Note the numbers will depend on your size of screen so play with them until you are happy.

NOTE:
GDM has to run either as "plain" or "plain with face browser".  Configurable in gdmsetup.

For Gutsy users replace all instances of feisty with gutsy

----------


## frafu

Hello Chris, 

Thanks for making onboard available in a repositry. 

Could you please tell me what repository ppa.ubuntu.com is? It might be interesting to also offer mousetweaks in such a repository, as long as it is not available in any official repository of Ubuntu. 

Further, could you please tell me whether the version that you are offering in that repository includes all the changes you made during August? If that is the case and you don't have any objections, I will modify the documentation that I prepared a few weeks ago to include your new repository. 
https://wiki.ubuntu.com/Accessibilit...dAndDwellAtGDM

Cheers 

Francesco

----------


## t0rtois3

https://help.launchpad.net/PPAQuickStart

Well done on those docs

----------


## frafu

Thanks for the link. 

Cheers

----------


## baosheng

Hi, I just found a problem. I have tried to use the line you mentioned in your post, but only an onboard dialog window appeared on my screen, no login window, and the mouse icon was "running". 

So I tried to modify it,
I put an "&" at the end of that line. This time, both login window and onboard were displayed.
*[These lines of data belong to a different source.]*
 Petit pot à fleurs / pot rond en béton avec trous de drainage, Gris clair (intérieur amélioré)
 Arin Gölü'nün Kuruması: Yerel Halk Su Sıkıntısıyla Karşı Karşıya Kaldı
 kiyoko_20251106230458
But, I couldn't input stuff into login window via onboard, though i could see the keys were "pressed down" when I clicked them by mouse.
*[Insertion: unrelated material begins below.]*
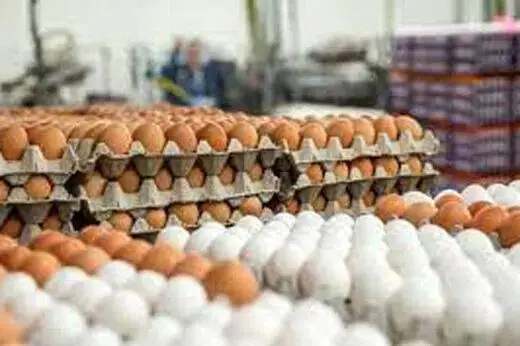قیمت واقعی تخممرغ اعلام شد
Can you tell me what should I do?

----------


## frafu

Hello,

Here is another documentation about a way to start onboard during login: 
https://help.ubuntu.com/community/Ac...usetweaksAtGDM

If you use it, onboard does not automatically start, but you have to start it manualy with a gesture after the login screen has appeared. How to do it, is explained in the page referred by the link. Moreover, if you don't need dwelling, you can skip the corresponding parts. 

Cheers

Francesco

----------


## baosheng

Hi,

I have followed the instructions on that page and it works fine. The information on that page is fairly useful. But still has some tiny problem. I will try to edit it when I have time.

----------


## frafu

@ baosheng

Thanks for improving it if you have time. 

Francesco

----------